Comments and Replies Submitted by AAPOA Members and Ausable Acres Residents
You can submit your replies to comments@ausableacres.com.
Submitted 8/29/07by P. Finn
BACKGROUND As
stated at the previous meeting The idea for a lease came from John McAlevey.
The Board was convinced that usage of the amenities initially offered to
owners could be a problem if the property passed to someone after Forever Wild. To
prevent any problems the following was proposed: Find
someone whose deed specifically stated they had the right to use the amenities,
then have them quit claim these rights to the Association.

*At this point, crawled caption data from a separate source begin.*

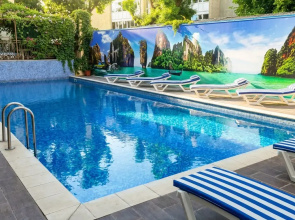Atrium Hotel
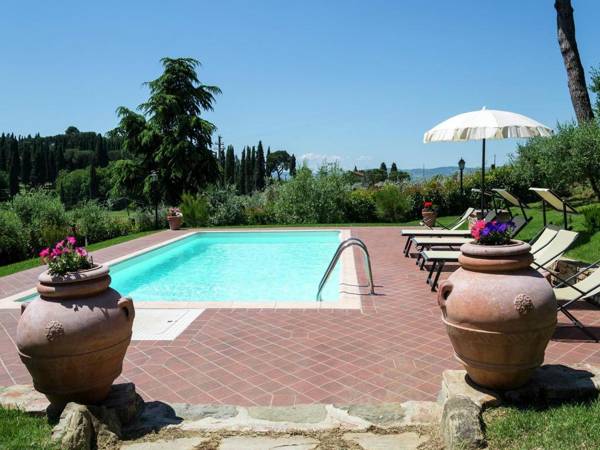 Villa with private pool near Cortona in the calm countryside and hilly landscape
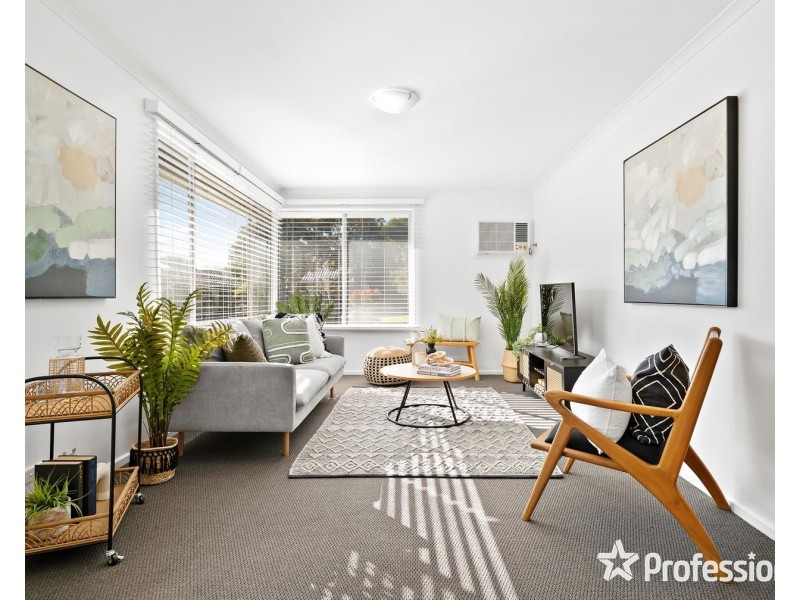 4 Meseta Street, Mooroolbark VIC 3138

Lacking this, have several original owners quit claim their rights to the
Association. This assumes that the
original owners had this right granted through original marketing materials,
verbally, or through the HUD filing. The
quit claim deeds involved original owners only.
As
a backup to the quit claim deeds a 99 year lease was proposed.
Several
revisions were made to the original lease while negotiations were going on
between Mr. McAlevey , representing the Association, and Mr. Keeney,
representing Forever Wild Development Corp.
As most of you know Mr Keeney and Mr. Hepperly eventually left Forever
Wild leaving only the actual owner, Mr. Johanson. By
this time Mr. McAlevey had resigned as council to the Association.
He later became a member of the Board of Directors but after two months
resigned. This left a committee, appointed by the board, comprised of three members of the board. The committee included a former attorney, a retired professional and myself to negotiate with Mr. Johanson. Using an attorney suggested by Mr. McAlevey, and approved by the board, negotiations began with Mr. Johanson. When
Mr. Johanson reviewed the proposed lease he immediately rejected it.
Mr Johanson felt he had clear title to the land and was not going to
enter into something where he got nothing in return.
He proposed a lease for a limited amount of time and an unclear amount.
Over a period of time the negotiations continued between the committee, our
attorney and Mr. Johanson and his attorney. These negotiations resulted in what
was presented to you at the last meeting.
IS
THE LEASE A BAD IDEA? I don’t think so. The purpose of the lease was to amicably settle a dispute over our rights to use the lake area, tennis courts, river access, and the trails. Could
we go to court and win? Maybe. Could
we go to court and lose? Maybe. Are
we giving up our rights? The rights
of the individual property owners are NOT forfeited with this lease. What about
those rights of the 7 or 8 original property owners who quit claimed their
rights to the Association? Our
attorney has suggested that we quit claim their rights back to them and clear
Mr. Johanson’s title of quit claims. Remember
the dispute is right of usage. FINALLY
In response to a comment “that we should hire Mr.McAlevey as our attorney”... Mr. McAlevey was the Association’s attorney and resigned. A party and gratuity was given to him on behalf of the association to thank him for his years of pro bono work. Mr. McAlevey later served on the Board and resigned. I cannot speak for the current board, but when I was on the board, we were very happy with the present attorney.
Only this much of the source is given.